I have a question around github actions interacting with dag dagster #dagster-plus

I have a question around (github actions) interact...

geoHeil

08/23/2022, 3:56 AM

I have a question around (github actions) interacting with dagster cloud. Currently they take way too long for me as the base image is not cached. How can I enable caching? The pipeline looks like this: - on a PR - install all python dependencies (first conda then pip via conda) - the whole conda part is cached! - testing: - validation of code formatting - flake8 linting - mypy type checks - unit tests - dagster cloud deploy preview (dagster-io/dagster-cloud-cicd-action/preview@v0.2.5) - merge/commit to master - auto increment the version number & update release to changelog & push version tag - deploy to dagster cloud using (dagster-io/dagster-cloud-cicd-action/deploy@v0.2.5) The dagster code builds a docker image (from scratch) and therefore it is not cached. - How can enable cachiing (just like it also nicely works with mamba/conda) so the build pipeline gets faster? - IT seems strange that I first install the dependencies and then the dagster util builds another container.
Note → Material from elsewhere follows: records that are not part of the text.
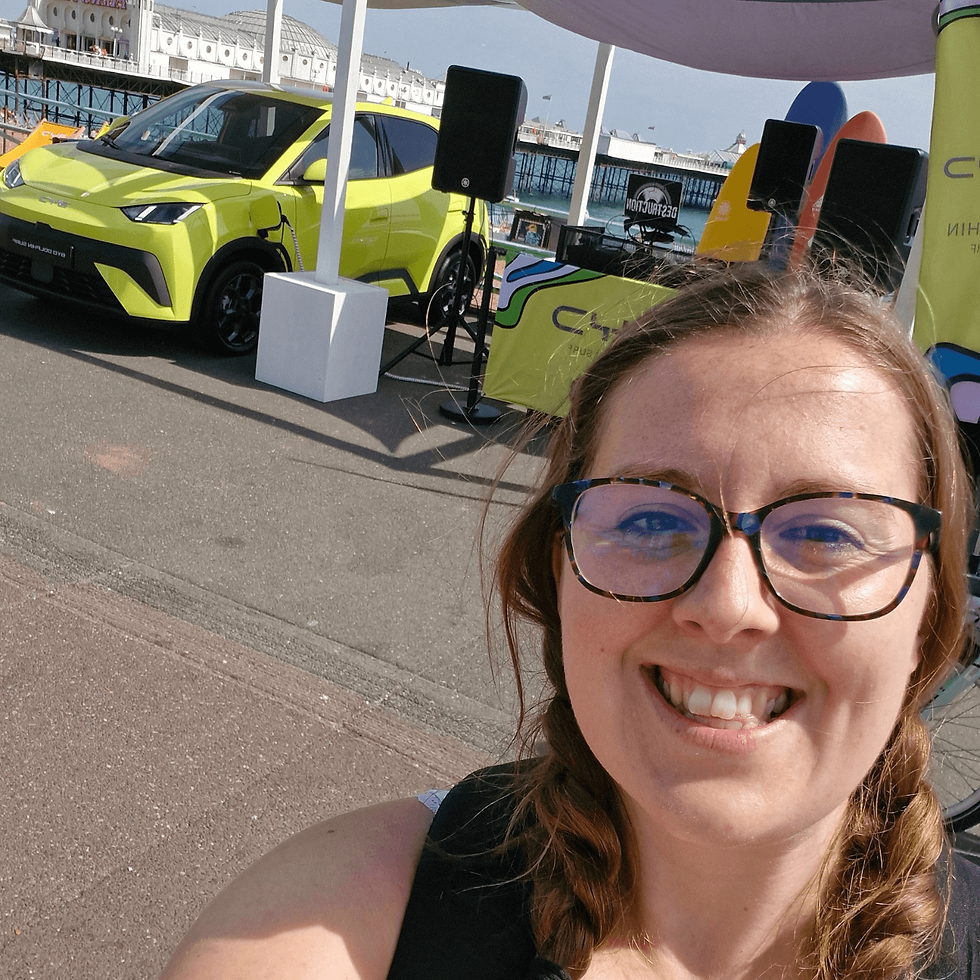 Smiling woman takes a selfie with a bright green car in the background, set on a sunny pier. Festive and vibrant colors create a lively atmosphere.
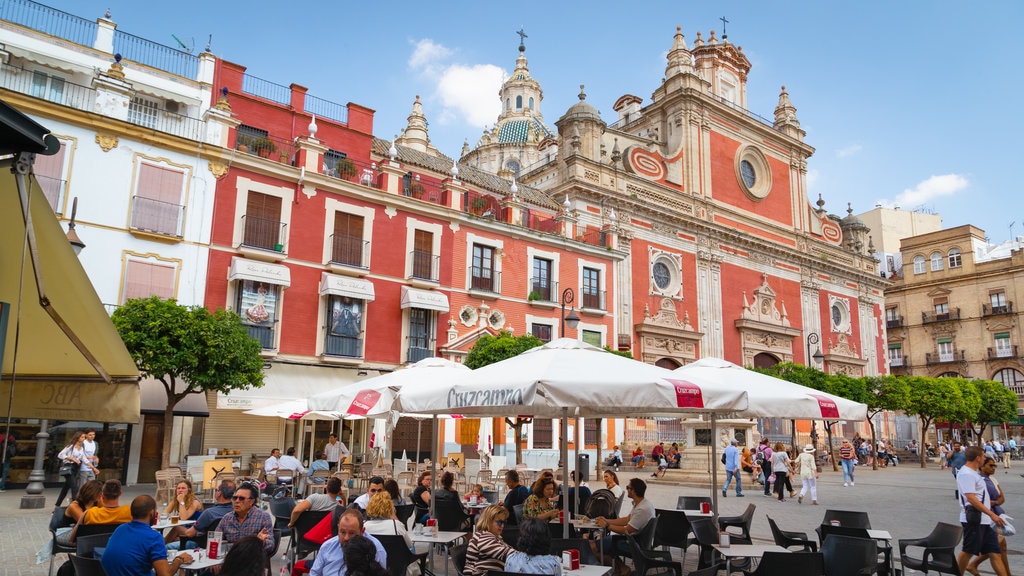 Salvador Plaza showing outdoor eating and heritage architecture as well as a small group of people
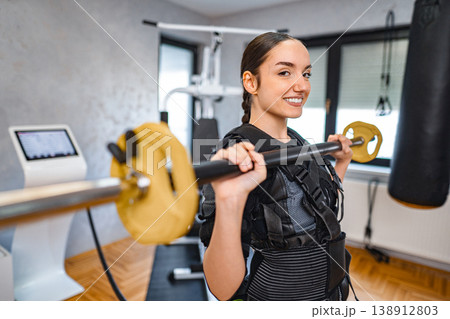 Woman strength training with new equipment Woman strength training with new equipment 138912803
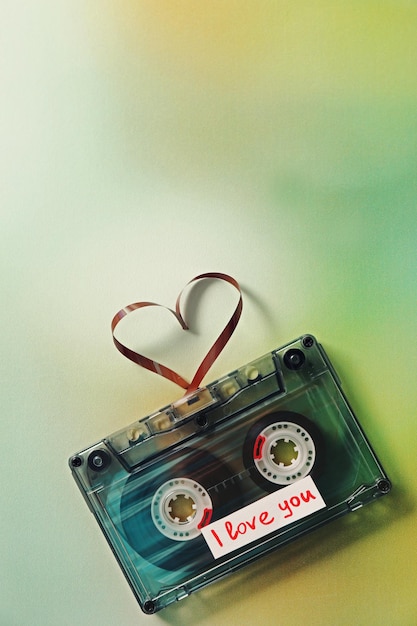 Photo cassette audio rétro avec bande en forme de coeur sur fond flou vert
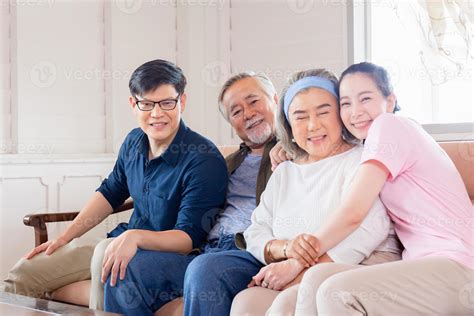 Cheerful Asian family in living room, Senior father mother and middle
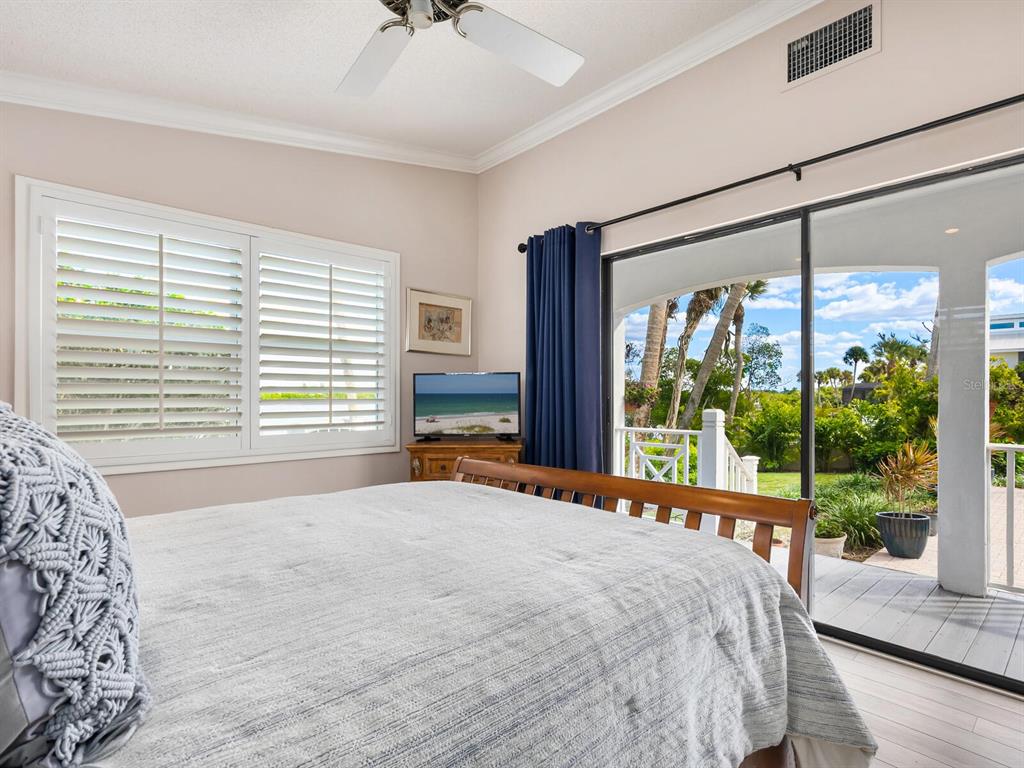 3240 Casey Key Road Nokomis, FL 34275 - Photo 40 of 51 a bedroom with a large bed and a large window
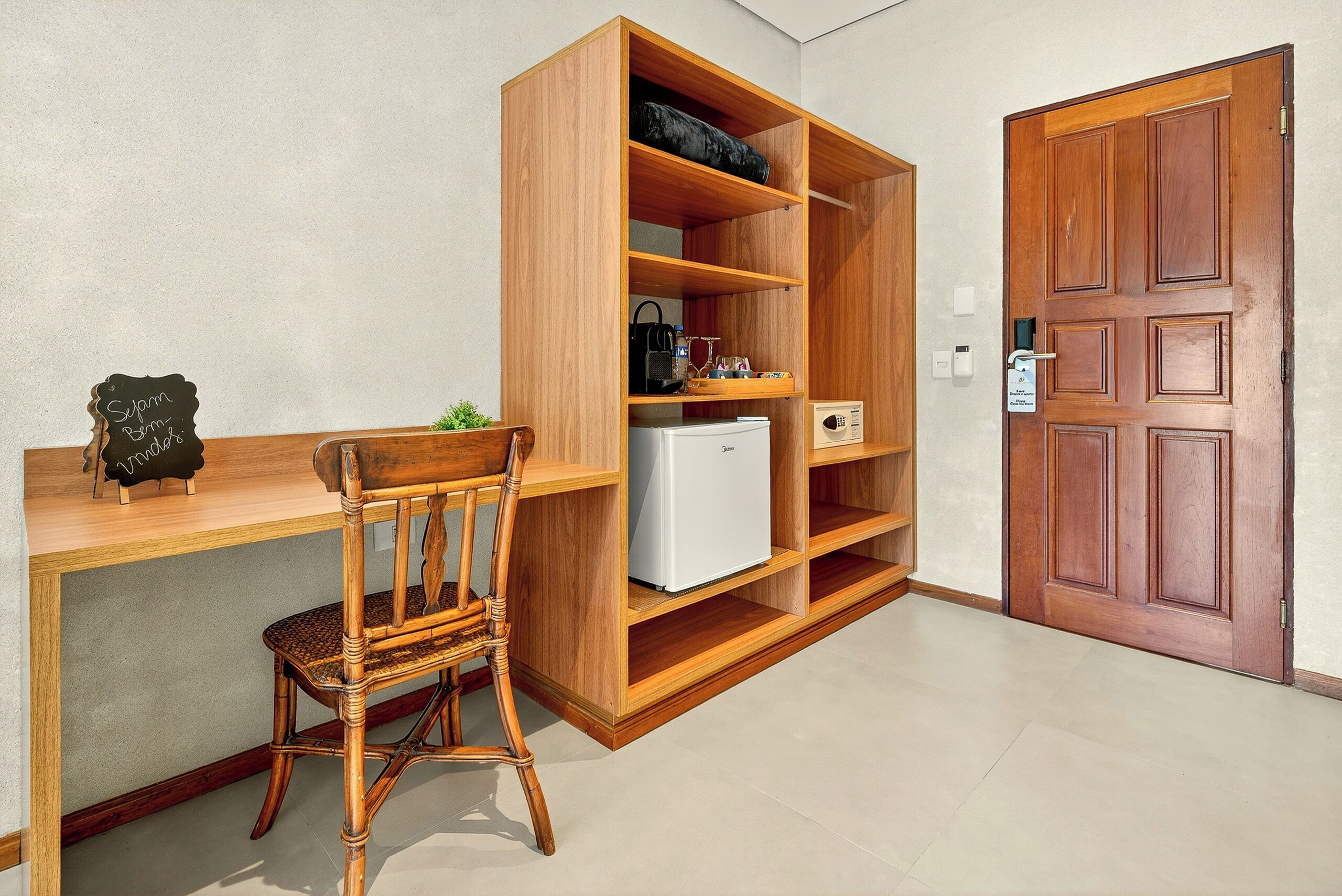 A room with a wooden desk, a wicker chair, a white refrigerator, and a wooden wardrobe.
How can I somehow work straight inside the container and: - if every test passes publish/forward that same image (already faster than re-building) - enable caching to speed up the builds

Stephen Bailey

08/23/2022, 9:39 AM

Not sure how you currently have it set up, but you can customize your build/push step then run an update-only apply with branch deployments and regular updates. We do this so that we can install some private repositories using

ssh

flag and docker buildx:

Copy code

steps:
      - name: Checkout
        uses: actions/checkout@v3

      - name: Set up Docker Buildx
        uses: docker/setup-buildx-action@v1

      - name: Build and push Docker image to ECR
        uses: docker/build-push-action@v3
        with:
          push: true
          tags: "${{ my_tag }}"
          cache-from: type=gha
          cache-to: type=gha,mode=max
          ssh: default

      - name: Prod Deployment to Dagster Cloud
        uses: dagster-io/dagster-cloud-cicd-action/update-only@v0.2.6
        with:
          location-file: "locations.yaml"
          dagit-url: <https://whatnot.dagster.cloud/prod>
          api-token: ${{ secrets.DAGSTER_PROD_AGENT_TOKEN }}
          image-tag: ${{ my_tag }}

geoHeil

08/23/2022, 9:48 AM

firstly, I natively call the testing

Copy code

jobs:
  testing:
    defaults:
      run:
        shell: bash -l {0}
    runs-on: ubuntu-latest
    steps:
      - uses: actions/checkout@v3

      - name: Install Conda environment from environment.yml
        uses: mamba-org/provision-with-micromamba@v12
        with:
          environment-file: environment.yml
          environment-name: base
          cache-downloads: true
          cache-env: true

      - name: Install non-conda dependencies
        run: |
          pip install -e .

      - name: 'Yamllint'
        uses: karancode/yamllint-github-action@v2.0.0
        with:
          yamllint_file_or_dir: 'yamllint_config.yaml'
          yamllint_strict: true
          yamllint_comment: true
        env:
          GITHUB_ACCESS_TOKEN: ${{ secrets.GITHUB_TOKEN }}

      - name: Checking formatting
        run: black --check MY_PROJECT MY_PROJECT_tests && isort --check-only MY_PROJECT MY_PROJECT_tests
      - name: If needed, commit black & isort changes to the pull request
        if: failure()
        run: |
          black MY_PROJECT MY_PROJECT_tests && isort MY_PROJECT MY_PROJECT_tests
          git config --global user.name 'autoblack'
          git config --global user.email '<mailto:autoblack_bot@corp.com|autoblack_bot@corp.com>'
          git remote set-url origin <https://x-access-token>:${{ secrets.GITHUB_TOKEN }}@github.com/$GITHUB_REPOSITORY
          git checkout $GITHUB_HEAD_REF
          git commit -am "fixup: Format Python code with Black"
          git push

      - name: Linting flake8
        run: flake8 MY_PROJECT MY_PROJECT_tests
      - name: Checking types
        run: mypy MY_PROJECT MY_PROJECT_tests
      - name: setup of DBT dependencies
        run: cd MY_PROJECT_dbt && dbt deps
      - name: Unit-tests
        run: pytest --ignore=MY_PROJECT_dbt/dbt_packages .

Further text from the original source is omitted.